WHAT TO PRODUCE: Each line of the listing below must be returned exactly.

DATA SHOWN:
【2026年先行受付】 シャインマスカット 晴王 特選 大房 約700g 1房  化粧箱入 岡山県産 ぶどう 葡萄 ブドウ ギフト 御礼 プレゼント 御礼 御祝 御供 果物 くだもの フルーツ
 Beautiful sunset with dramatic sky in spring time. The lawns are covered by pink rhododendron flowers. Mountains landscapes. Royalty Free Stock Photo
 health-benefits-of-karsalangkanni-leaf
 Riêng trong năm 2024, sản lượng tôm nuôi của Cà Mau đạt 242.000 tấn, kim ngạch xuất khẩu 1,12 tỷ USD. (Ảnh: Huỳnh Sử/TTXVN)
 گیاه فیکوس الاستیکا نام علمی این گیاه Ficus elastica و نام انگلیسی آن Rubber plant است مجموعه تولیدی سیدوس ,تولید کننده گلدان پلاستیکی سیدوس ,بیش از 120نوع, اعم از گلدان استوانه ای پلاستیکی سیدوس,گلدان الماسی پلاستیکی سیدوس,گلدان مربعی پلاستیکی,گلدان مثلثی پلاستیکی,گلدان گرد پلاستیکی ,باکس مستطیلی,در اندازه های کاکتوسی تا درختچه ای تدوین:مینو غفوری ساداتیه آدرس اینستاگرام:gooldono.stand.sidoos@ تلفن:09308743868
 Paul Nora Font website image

RESPONSE AREA:
【2026年先行受付】 シャインマスカット 晴王 特選 大房 約700g 1房  化粧箱入 岡山県産 ぶどう 葡萄 ブドウ ギフト 御礼 プレゼント 御礼 御祝 御供 果物 くだもの フルーツ
 Beautiful sunset with dramatic sky in spring time. The lawns are covered by pink rhododendron flowers. Mountains landscapes. Royalty Free Stock Photo
 health-benefits-of-karsalangkanni-leaf
 Riêng trong năm 2024, sản lượng tôm nuôi của Cà Mau đạt 242.000 tấn, kim ngạch xuất khẩu 1,12 tỷ USD. (Ảnh: Huỳnh Sử/TTXVN)
 گیاه فیکوس الاستیکا نام علمی این گیاه Ficus elastica و نام انگلیسی آن Rubber plant است مجموعه تولیدی سیدوس ,تولید کننده گلدان پلاستیکی سیدوس ,بیش از 120نوع, اعم از گلدان استوانه ای پلاستیکی سیدوس,گلدان الماسی پلاستیکی سیدوس,گلدان مربعی پلاستیکی,گلدان مثلثی پلاستیکی,گلدان گرد پلاستیکی ,باکس مستطیلی,در اندازه های کاکتوسی تا درختچه ای تدوین:مینو غفوری ساداتیه آدرس اینستاگرام:gooldono.stand.sidoos@ تلفن:09308743868
 Paul Nora Font website image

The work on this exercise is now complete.